Provocative question! Having spent at least 25 years studying RL, ever since my first real job at IBM Research, where I explored the use of methods like Q-learning from 1990–93 to train robots new tasks, I’ve watched the field through its various phases. In the early 1990s, when I got involved, it was restricted to a small handful of aficionados. I organized the first National Science Foundation workshop on RL, to which about 50–60 senior researchers were invited (in 1995).

Gradually, through the early part of the 2000s, the field gained popularity, but never seemed to become a mainstream research topic within ML. Then, wham! Deep Mind did its thingie with the combination of deep learning and RL, applied to a visually appealing domain of Atari video games, and (deep) RL’s popularity went through the roof. Now, it seems all the rage, and certainly, many employers are hiring (in the Bay Area, it’s an area sought after by some of the labs doing autonomous driving). Google paid half a billion Euros for Deep Mind (supposedly!), on the basis of their deep RL Atari demo. So, this looked like a real turning point, and RL came to life!

So, getting back to the question, is RL a “dead end”? In answering this provocative question, one has to clarify one’s point of view. Certainly, from the standpoint of the work going on in Deep Mind and other places on using deep RL to play games like Go or Chess, or train given an accurate simulator of the world for a self-driving car, RL is certainly poised to become well established technology, and its popularity is only going to increase. RL sessions at major AI and ML conferences are very well attended, and RL submissions are definitely increasing. In all these dimensions, RL is very much not at a “dead end”, in fact, its popularity is only increasing.

But, but, …. you knew there was a but coming there!

When you impose on RL the goal of “online learning in real time from the real world”, and not doing millions of simulation steps where agents can be killed thousands of times with no penalty, I fear RL is very much at a dead end. It is not clear to me that any extension of the au courant deep RL methods is going to lead to successes in the real world, in terms of a physical agent that can learn in real time with a small number of examples.

That is, if your goal is to build a model of how humans learn complex skills, such as driving, then RL to me is a very poor explanation of how such skills are acquired. One has to only look at the comparative results reported in the AAAI 2017 paper by Tsividis et al., comparing random humans on Amazon Turk with the best deep RL programs at Atari video games to see where deep RL simply flounders. Humans learn Atari video games, like Frostbite, about 1000x faster than the fastest deep RL methods.

A typical human learned Frostbite in 1 minute with a few hundred examples at most. DQN or other deep RL programs take days with millions of examples. It’s not even close, it’s like another galaxy in terms of the speed of learning differences. So, looking at this paper, I’d have to say I don’t see any way to capture such large differences with any incremental tweaking of deep RL methods, such as being reported annually in ICML or NIPS papers (of which I review a bunch each year, hoping against hope to see a new idea emerge, only to be disappointed!).

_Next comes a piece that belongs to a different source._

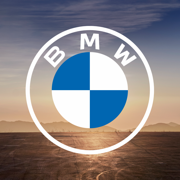 BMW Driver\'s Guide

So, what’s to be done to “rescue RL”. I’m not sure there’s really a solution out there. I for one have stopped believing that we learn complex skills like driving by something that resembles “pure RL” (that is, from rewards alone). Humans learn to drive because they in fact “know” how to drive even before they even try to drive once. They’ve seen their parents, friends, lovers, Uber drivers, etc. drive many many times, and they’ve seen driving behavior in movies for thousands of hours. So, when they finally get behind the wheel, they instinctively “know” what driving means, but of course, they have never actually controlled a physical car before. So, there is that all important “last mile” of actual driving that needs to be learned.

But, since the driving program is largely already in place, built in by many thousands of hours of observation, not to mention active instruction by a driving teacher or an anxious parent, what needs to be “learned” are a few control parameters that tell the human brain how much to turn the wheel, or press the brake, and more importantly, where to look on the road etc. This is course not trivial, which is why humans take a few weeks to get comfortable behind a wheel, But, if you look at real hours of practice, humans learn to drive in a few hundred hours — for those paying for driving instruction, this is expensive since you are charged by the hour.

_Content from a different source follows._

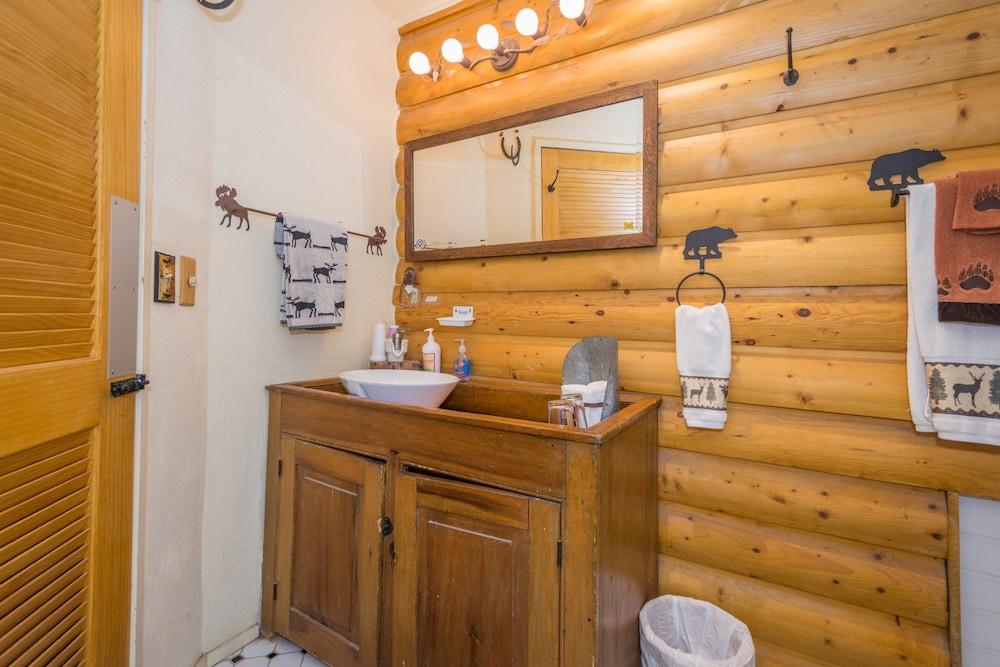 Ann Arbor B&B Inn photo 46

Also, all important to remember is that when you impose the condition of learning in the real world, there can be “no cheating”! That is, unlike the ridiculous 2D world of Atari video games, like Enduro, where one is given a 2D highly simplified visual world, and actions are limited to a few discrete choices, humans must drive in the full 3D real world and have the huge task of controlling both legs, both hands, neck, body, etc, many hundreds of continuous degrees of freedom, as well as have to cope with an immense sensory space of stereo vision, and binaural hearing as well.

The only way humans ever learn to drive in a few hundred hours is the simple fact that we already almost know driving, and we have obviously a fully working vision system, so we can read signs, recognize cars and pedestrians, and our hearing system also recognizes sirens, alerts, horns etc. So, if you look at the immensity of the whole driving task, I would claim more than 95% of the driving knowledge is already known, and the small remaining part has to be acquired from practice. This is the only explanation for how humans learn such a complex skill as driving in a few hundred hours. There is NO magic here.

So, in that sense, pure (deep) RL seems like a dead end. The pure (deep) RL problem formulation really does not hold much interest for me any more. What is needed in its place is a more complex model of how learning happens by combining observation, transfer learning, and many other types of behavior cloning from observed demonstration to the learner, and finally being able to take this knowledge, and then improve it with some actual trial and error RL.

One can generalize this to other modes of learning as well. The late Richard Feynman, who was arguably the most influential physicist after the 2nd world war, taught a classic introductory course at Caltech, which led to probably the best selling college textbook of all time, the Feynman Lectures on Physics (still being sold almost 60 years later, in the nth edition). When he looked at how students handled his problem sets, Feynman was ultimately disappointed. He realized that even the extremely bright students at Caltech could not “learn” physics, simply sitting in his class and absorbing his lectures. So, he ended his preface to the textbook with a disappointing conclusion, quoting Gibbons (which I had long ago memorized):

“The power of instruction is seldom of much efficacy, except in those happy dispositions where it is almost superfluous”.

I realized the wisdom of this saying after spending two decades or more teaching machine learning to graduate students at several institutions. It seems almost paradoxical, but what Gibbons is saying, and what Feynman and I both discovered is that learning from teaching only works when the learner “almost already knows” the subject.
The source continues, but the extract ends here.